Phrase grounding data:
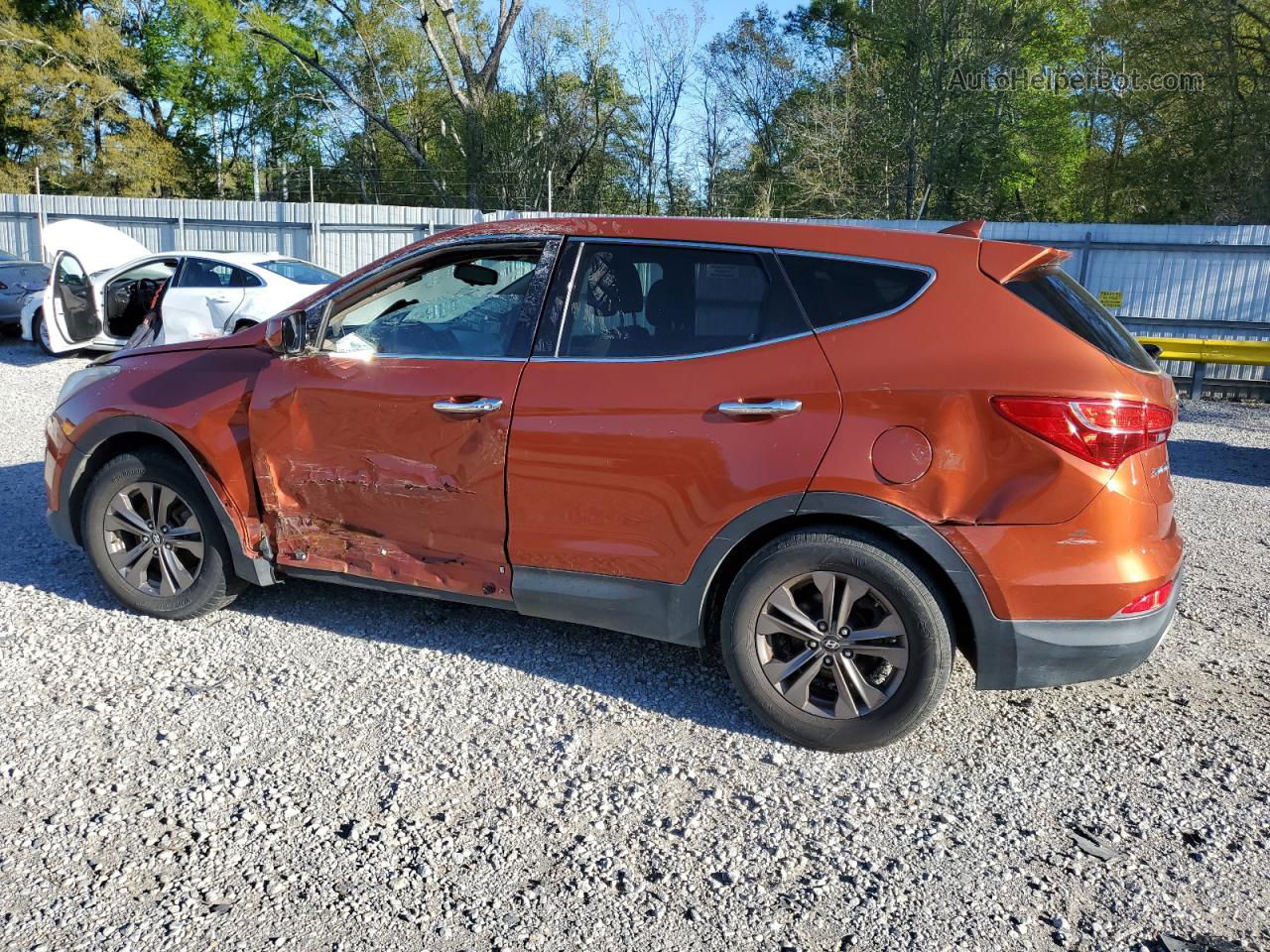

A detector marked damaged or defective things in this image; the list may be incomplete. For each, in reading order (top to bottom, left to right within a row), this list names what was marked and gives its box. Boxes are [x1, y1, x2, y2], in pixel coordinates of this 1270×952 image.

damaged orange suv [45, 217, 1183, 750]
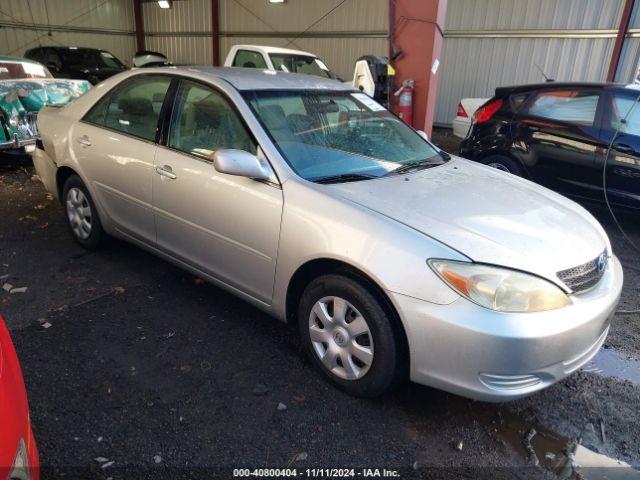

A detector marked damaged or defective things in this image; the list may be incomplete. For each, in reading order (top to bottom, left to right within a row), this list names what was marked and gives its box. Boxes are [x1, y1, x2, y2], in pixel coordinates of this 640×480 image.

damaged vehicle [0, 56, 91, 155]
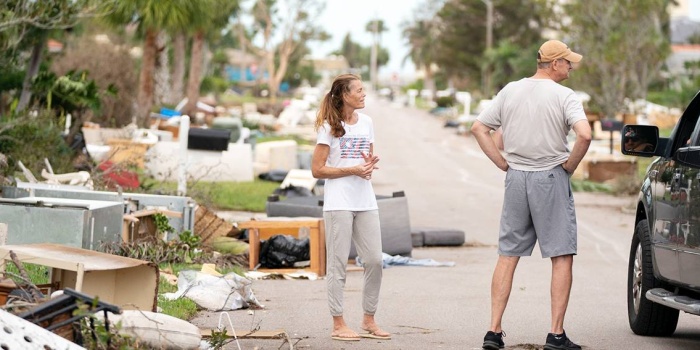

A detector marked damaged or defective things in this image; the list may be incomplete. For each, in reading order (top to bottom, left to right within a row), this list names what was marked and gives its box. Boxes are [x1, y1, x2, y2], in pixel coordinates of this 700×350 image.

broken furniture [0, 197, 122, 249]
broken furniture [239, 219, 326, 276]
broken furniture [266, 190, 412, 258]
broken furniture [0, 245, 158, 310]
broken furniture [18, 288, 121, 344]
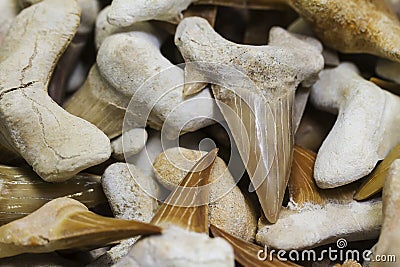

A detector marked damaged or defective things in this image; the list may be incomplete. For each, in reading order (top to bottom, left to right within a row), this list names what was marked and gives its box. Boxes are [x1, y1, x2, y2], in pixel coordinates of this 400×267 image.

broken fossil piece [0, 165, 106, 226]
broken fossil piece [0, 0, 111, 182]
broken fossil piece [0, 198, 161, 258]
broken fossil piece [92, 163, 158, 266]
broken fossil piece [111, 127, 148, 161]
broken fossil piece [116, 151, 234, 267]
broken fossil piece [152, 148, 258, 244]
broken fossil piece [176, 16, 324, 224]
broken fossil piece [211, 226, 298, 267]
broken fossil piece [256, 147, 382, 251]
broken fossil piece [310, 62, 400, 188]
broken fossil piece [370, 160, 400, 266]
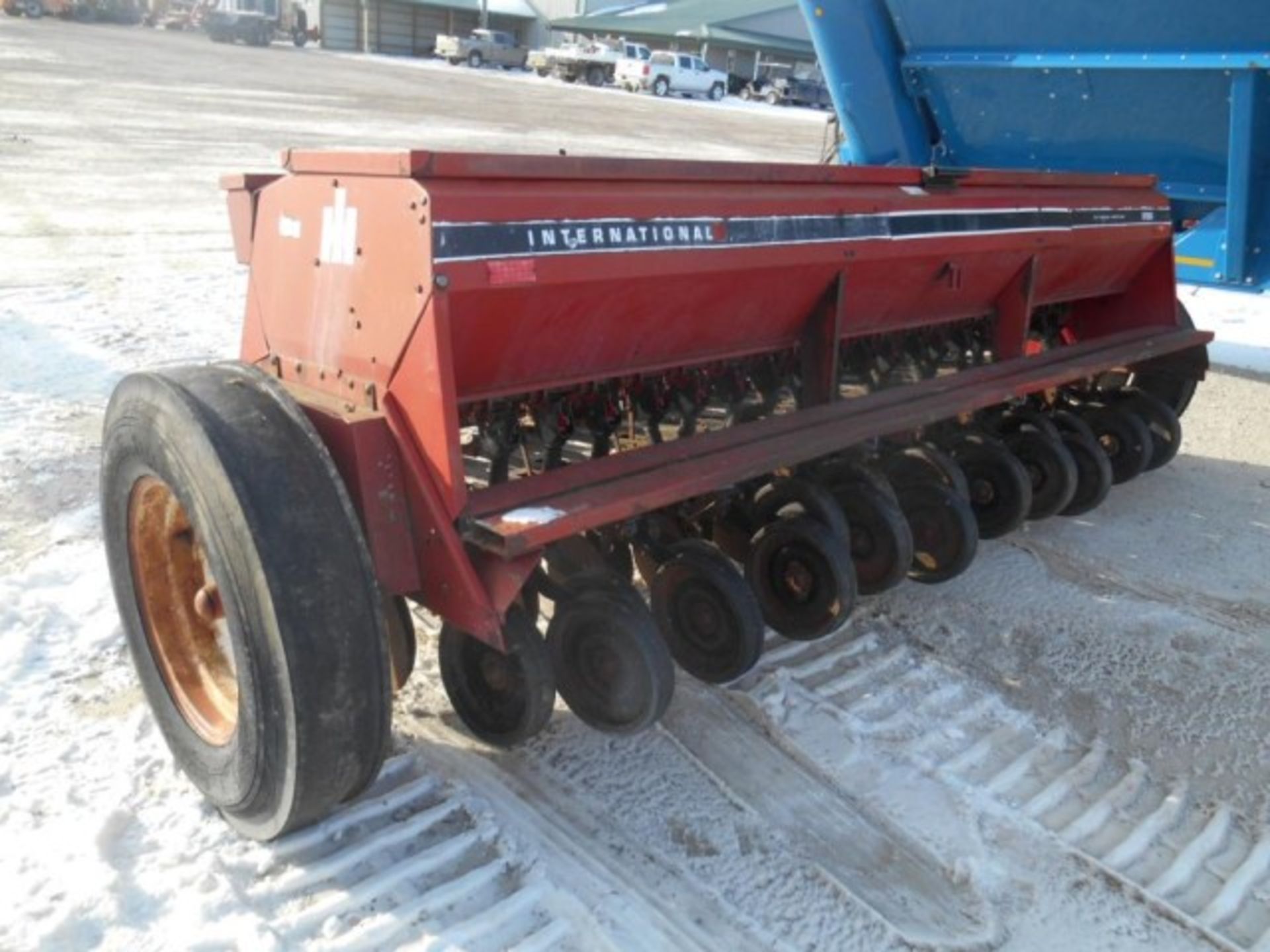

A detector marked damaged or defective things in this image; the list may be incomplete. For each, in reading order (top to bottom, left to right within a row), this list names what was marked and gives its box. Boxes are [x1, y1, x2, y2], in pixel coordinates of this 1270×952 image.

rusty wheel hub [128, 476, 239, 746]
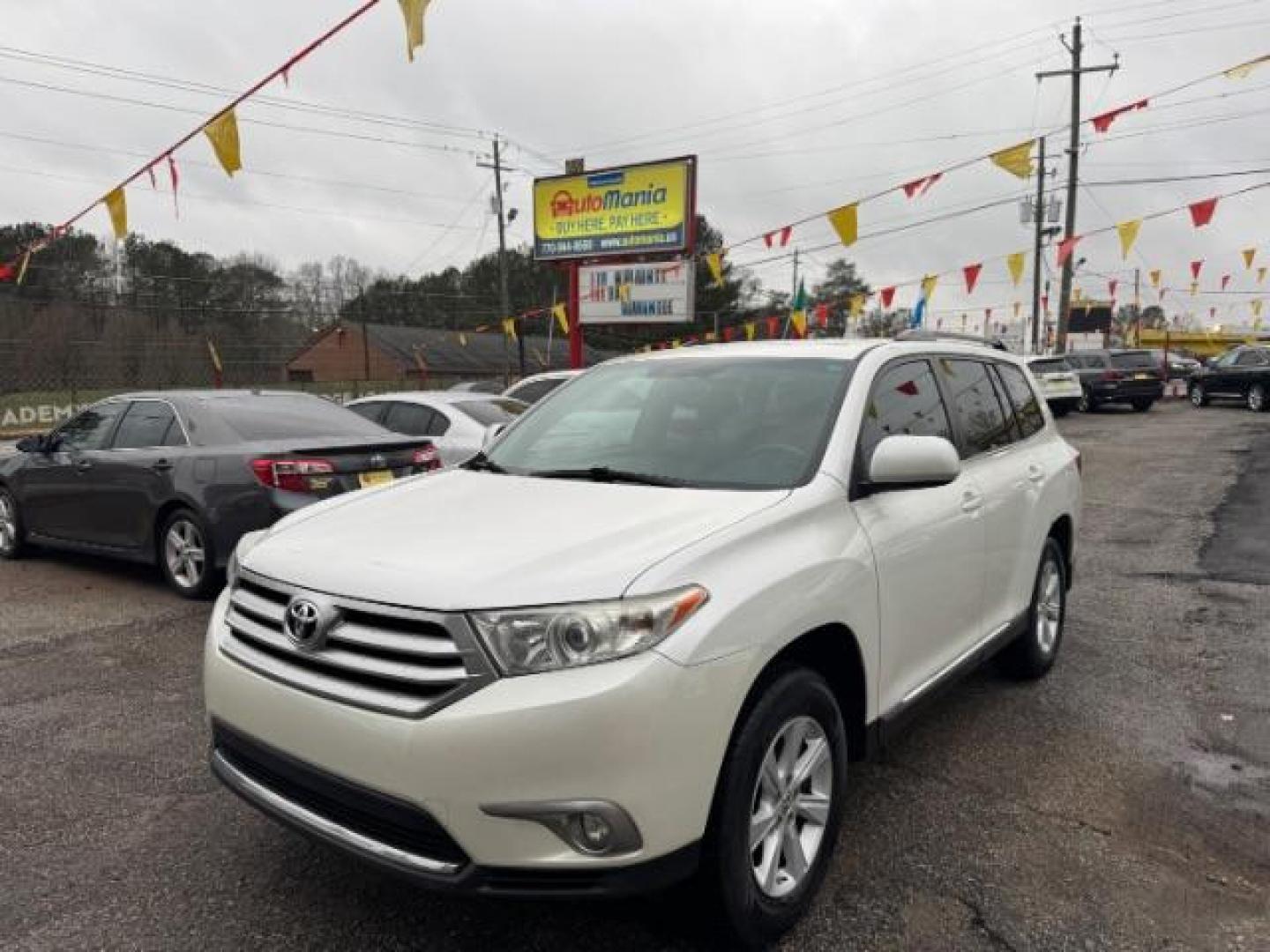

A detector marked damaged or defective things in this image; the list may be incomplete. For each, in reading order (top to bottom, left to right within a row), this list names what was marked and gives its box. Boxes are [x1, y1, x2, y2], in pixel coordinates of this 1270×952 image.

cracked pavement [0, 398, 1265, 949]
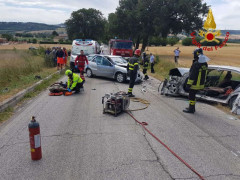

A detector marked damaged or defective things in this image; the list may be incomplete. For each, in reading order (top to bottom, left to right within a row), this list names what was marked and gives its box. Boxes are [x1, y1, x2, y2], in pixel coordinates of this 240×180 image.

wrecked white car [159, 65, 240, 113]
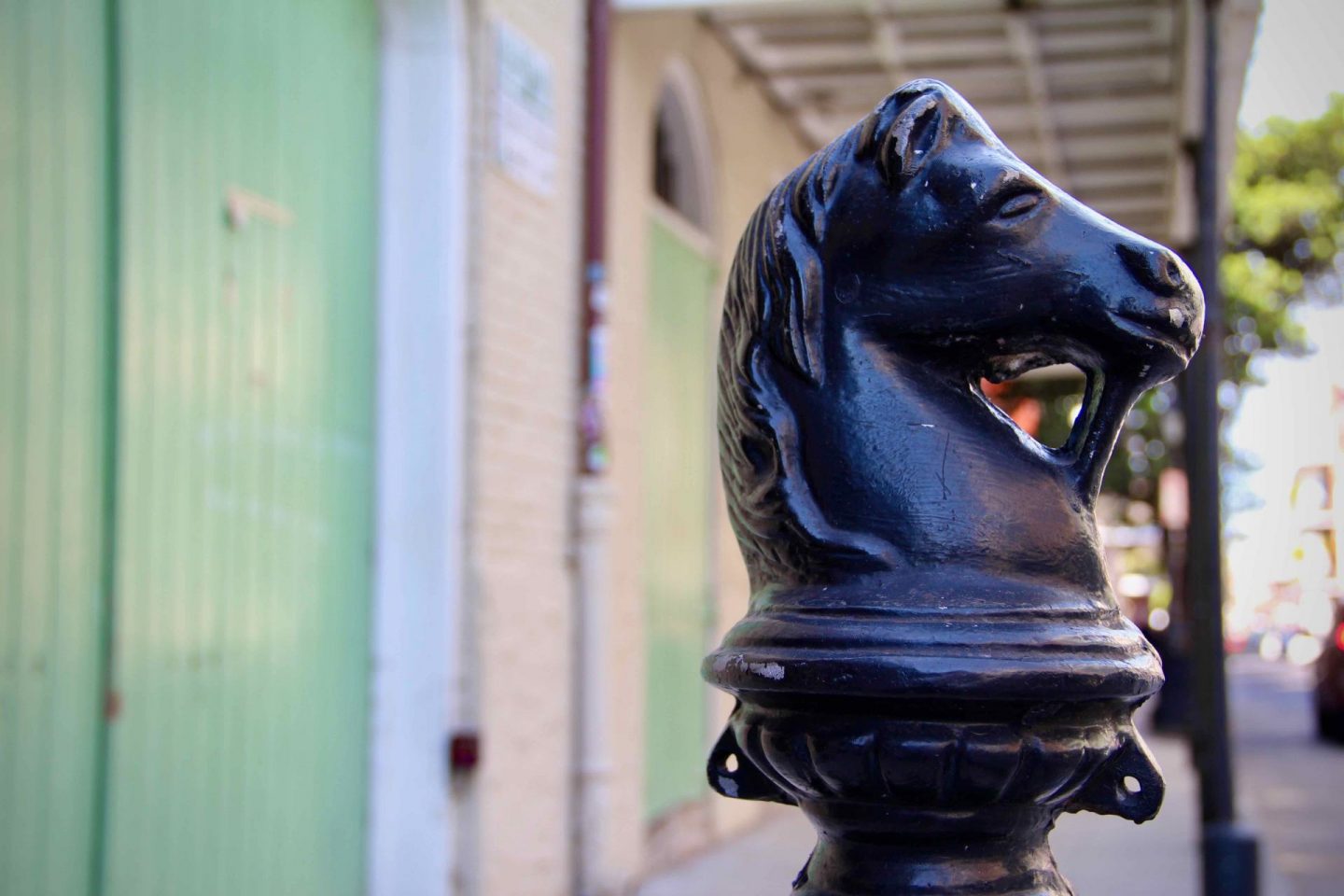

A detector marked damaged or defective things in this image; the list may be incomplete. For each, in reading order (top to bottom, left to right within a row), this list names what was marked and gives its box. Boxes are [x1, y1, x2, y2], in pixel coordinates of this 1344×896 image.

peeling paint door [0, 3, 113, 892]
peeling paint door [100, 3, 377, 892]
peeling paint door [646, 216, 721, 818]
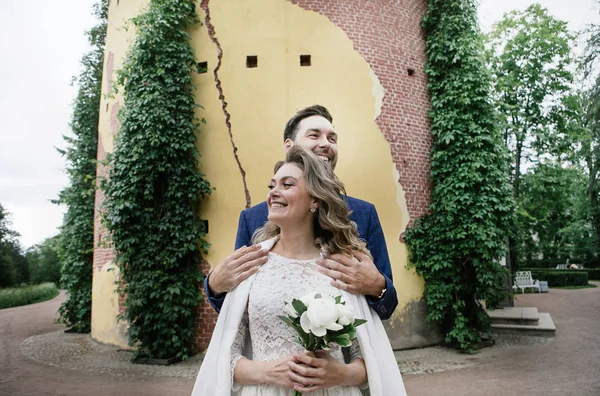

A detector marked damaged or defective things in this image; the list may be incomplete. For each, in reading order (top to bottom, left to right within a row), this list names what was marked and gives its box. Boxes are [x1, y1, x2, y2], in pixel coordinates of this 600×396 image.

cracked yellow wall [193, 0, 426, 346]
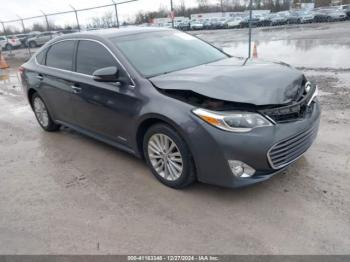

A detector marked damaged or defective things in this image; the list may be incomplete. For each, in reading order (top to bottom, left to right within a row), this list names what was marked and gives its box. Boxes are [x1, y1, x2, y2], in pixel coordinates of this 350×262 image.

damaged hood [149, 57, 304, 106]
cracked headlight [193, 108, 272, 132]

- **What you should do**
Leave the pictures out, and transcribe each of the records exactly.

- **Result**
A detector marked damaged or defective things in this image; the list may be incomplete. For each, in reading order (top to bottom, left to right within a row), this list names what was marked and gives its box. Boxes are [x1, y1, x2, y2], in pixel coordinates of this 1270×952 image.

damaged orange suv [45, 217, 1183, 750]

A detector marked damaged or defective things in this image; the list may be incomplete. For each, in reading order (top to bottom, left to right within a row), this list names what was marked and gives its box. Boxes are [x1, y1, x2, y2], in pixel coordinates of this 640×480 image.

damaged vehicle [0, 56, 91, 155]

A detector marked damaged or defective things in this image; the list may be incomplete. For each, in reading order (top to bottom, left to right within a row), this list names what was marked and gives its box. Boxes are [x1, y1, x2, y2], in pixel coordinates of this 700×350 image.

broken furniture [0, 197, 122, 249]
broken furniture [239, 219, 326, 276]
broken furniture [266, 190, 412, 258]
broken furniture [0, 245, 158, 310]
broken furniture [18, 288, 121, 344]

A detector marked damaged or defective things in this image; the list may be incomplete. For each, in reading order (top to bottom, left to right within a row), this list names what was marked and gives its box. Boxes are [x1, y1, x2, y2], in pixel coordinates of this 400×267 image.

broken fossil piece [0, 165, 106, 226]
broken fossil piece [0, 0, 111, 182]
broken fossil piece [0, 198, 161, 258]
broken fossil piece [92, 163, 158, 266]
broken fossil piece [111, 127, 148, 161]
broken fossil piece [116, 151, 234, 267]
broken fossil piece [152, 148, 258, 244]
broken fossil piece [176, 16, 324, 224]
broken fossil piece [211, 226, 298, 267]
broken fossil piece [256, 147, 382, 251]
broken fossil piece [310, 62, 400, 188]
broken fossil piece [370, 160, 400, 266]

A detector marked damaged or defective things in this image; the list may be incomplete. For each, in reading order (top to bottom, left to right within a row), this list names what was marked and gives its box. Boxes are [x1, y1, x2, y2], in pixel coordinates of this 1270×952 image.

rusty wheel hub [128, 476, 239, 746]

A detector marked damaged or defective things in this image; the list may be incomplete. For each, in reading order (top to bottom, left to right within a row), this list names what was marked and gives its box. Boxes are [x1, y1, x2, y2], in pixel coordinates of this 1270×952 image.

cracked pavement [0, 398, 1265, 949]

A detector marked damaged or defective things in this image; the list may be incomplete. For each, in reading order (top to bottom, left to right within a row), this list names what was marked and gives its box. Boxes are [x1, y1, x2, y2], in pixel coordinates of this 240×180 image.

wrecked white car [159, 65, 240, 113]

A detector marked damaged or defective things in this image; the list may be incomplete. For each, in reading order (top to bottom, left to right within a row), this list names what was marked and gives its box. Boxes are [x1, y1, x2, y2], in pixel coordinates of this 1344×896 image.

peeling paint door [0, 3, 113, 892]
peeling paint door [100, 3, 377, 892]
peeling paint door [646, 216, 721, 818]

A detector marked damaged or defective things in this image; the list may be incomplete. For each, in reading order (top to bottom, left to right within a row), this list names what was marked and gives its box. Boxes are [x1, y1, x2, y2], in pixel coordinates of this 600×396 image.

cracked yellow wall [193, 0, 426, 346]

A detector marked damaged or defective things in this image; the list may be incomplete. For each, in reading order (top to bottom, left to right within a row), this list names what was marked and gives its box. Boxes are [x1, y1, x2, y2], in pixel coordinates of this 350×262 image.

damaged hood [149, 57, 304, 106]
cracked headlight [193, 108, 272, 132]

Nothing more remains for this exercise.